1. ¹Cancer Research UK Medical Oncology Laboratory, Barts and the London School of Medicine, London, UK
2. ²Department of Molecular Biology, Interfaculty Institute of Cell Biology, Faculty of Biology, Eberhard Karls University Tuebingen, Germany
3. ³Department of Haematology, Oncology and Immunology, University Hospital Marburg, Germany
4. ⁴Department of Haematology, Haemostaseology and Oncology, Hannover Medical School, Hannover, Germany
5. ⁵Institute for Medical Biometry and Epidemiology, Philipps University Marburg, Germany
6. ⁶Institute for Molecular Biology and Tumour Research, Philipps University Marburg, Germany

Correspondence: Dr O Heidenreich, Department of Molecular Biology, Interfaculty Institute of Cell Biology, Faculty of Biology, Eberhard Karls University Tuebingen, Auf der Morgenstelle 15, 72076 Tuebingen, Germany. E-mail: olaf.heidenreich@uni-tuebingen.de

⁷These authors equally contributed to the work.

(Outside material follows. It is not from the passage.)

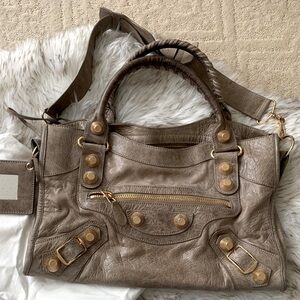 Balenciaga Motocross Classic City Bag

⁸Current address: Research Group Molecular Therapy of Virus-Associated Cancers, German Cancer Research Center, Heidelberg, Germany.

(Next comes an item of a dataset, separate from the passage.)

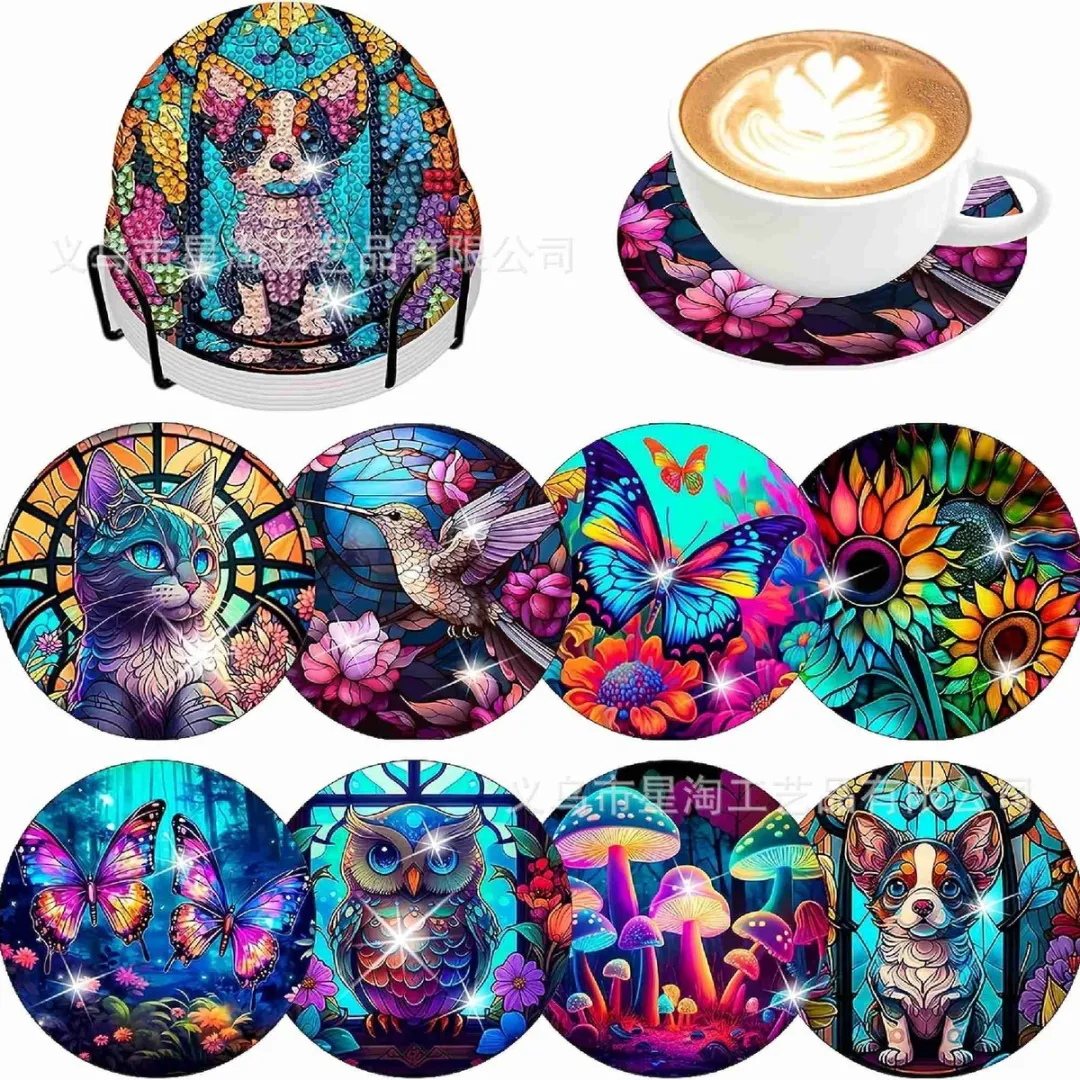 VDTOYS Diamond Painting Fantasy Onderzetters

Received 22 December 2005; Revised 15 March 2006; Accepted 23 March 2006; Published online 1 May 2006.

Abstract

The chromosomal translocation t(8;21) is associated with 10–15% of all cases of acute myeloid leukaemia (AML). The resultant fusion protein AML1/MTG8 interferes with haematopoietic gene expression and is an important regulator of leukaemogenesis. We studied the effects of small interfering RNA (siRNA)-mediated AML1/MTG8 depletion on global gene expression in t(8;21)-positive leukaemic cell lines and in primary AML blasts using cDNA arrays, oligonucleotide arrays and real-time reverse transcription–polymerase chain reaction (RT–PCR). Suppression of AML1/MTG8 results in the increased expression of genes associated with myeloid differentiation, such as AZU1, BPI, CTSG, LYZ and RNASE2 as well as of antiproliferative genes such as IGFBP7, MS4A3 and SLA both in blasts and in cell lines. Furthermore, expression levels of several genes affiliated with drug resistance or indicative of poor prognosis AML (BAALC, CD34, PRG2, TSPAN7) are affected by AML1/MTG8 depletion. In conclusion, siRNA-mediated suppression of AML1/MTG8 cause very similar changes in gene expression pattern in t(8;21)-positive cell lines and in primary AML blasts. Furthermore, the results suggest that the specific targeting of AML1/MTG8 function may be a promising approach for complementing existing treatment strategies.